» DIRECTIONS:
From the line containing "Clapboard Prints: Unidentified" through the last line of the data, both ends included, write out every line exactly; omit the pictures.

(SUPPLIED DATA begins)

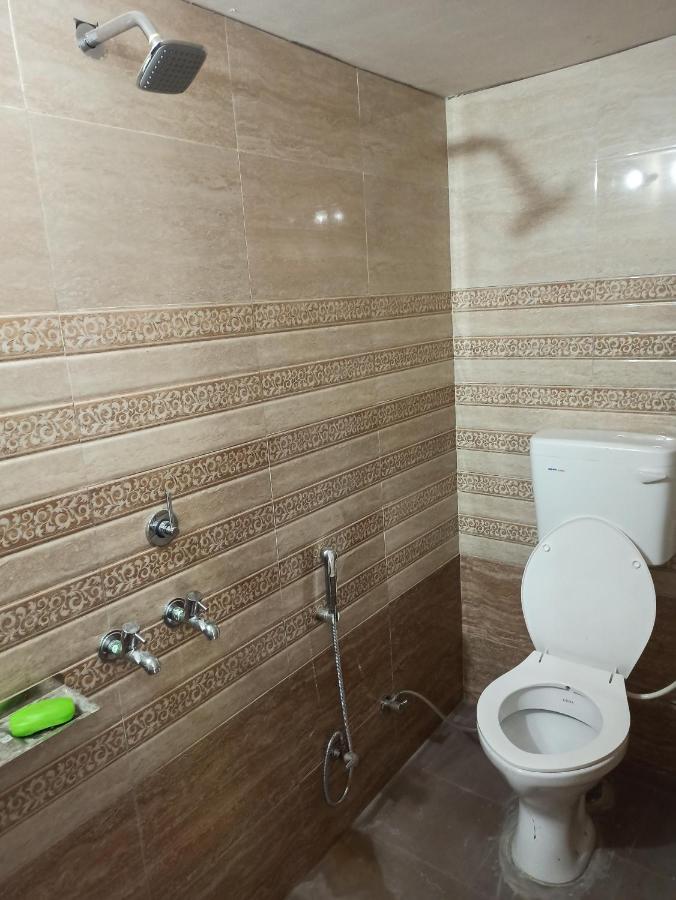 Hari Kripa Sadan Guest house *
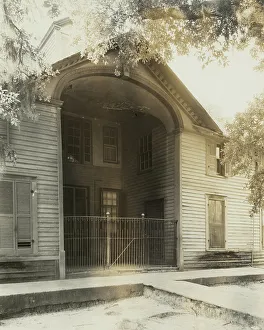 Clapboard Prints: Unidentified building, Natchez vic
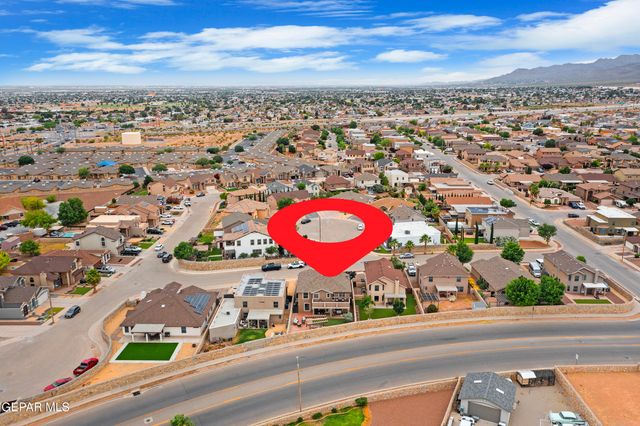 5017 MOON RANCH Lane, El Paso, TX 79934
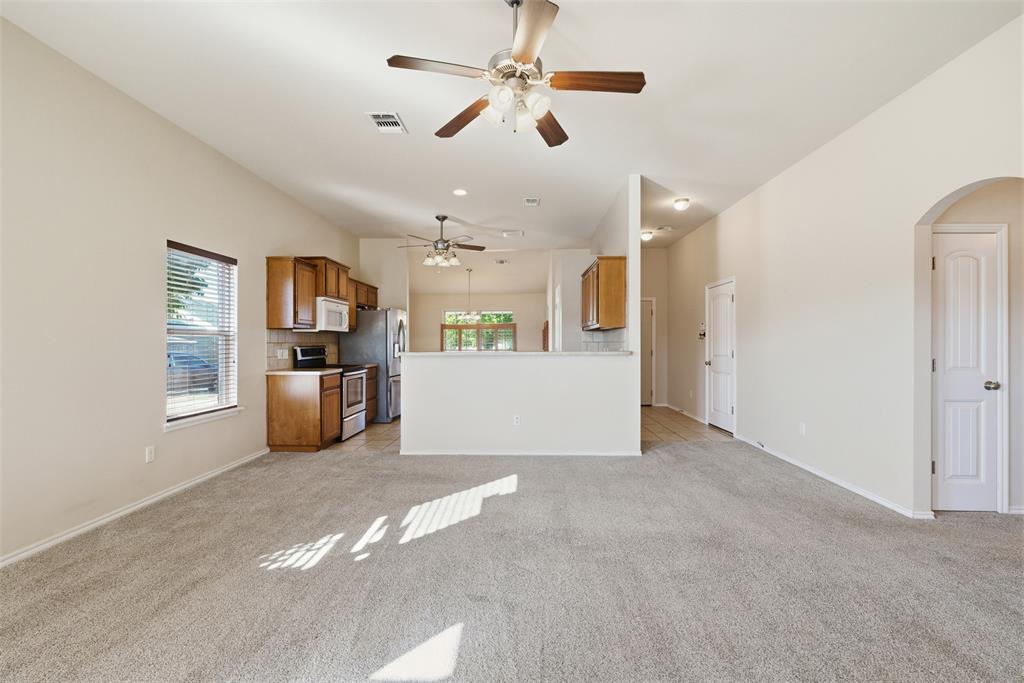 1199889 Property Photo 6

(SUPPLIED DATA ends)

» TASK RESULT:
 Clapboard Prints: Unidentified building, Natchez vic
 5017 MOON RANCH Lane, El Paso, TX 79934
 1199889 Property Photo 6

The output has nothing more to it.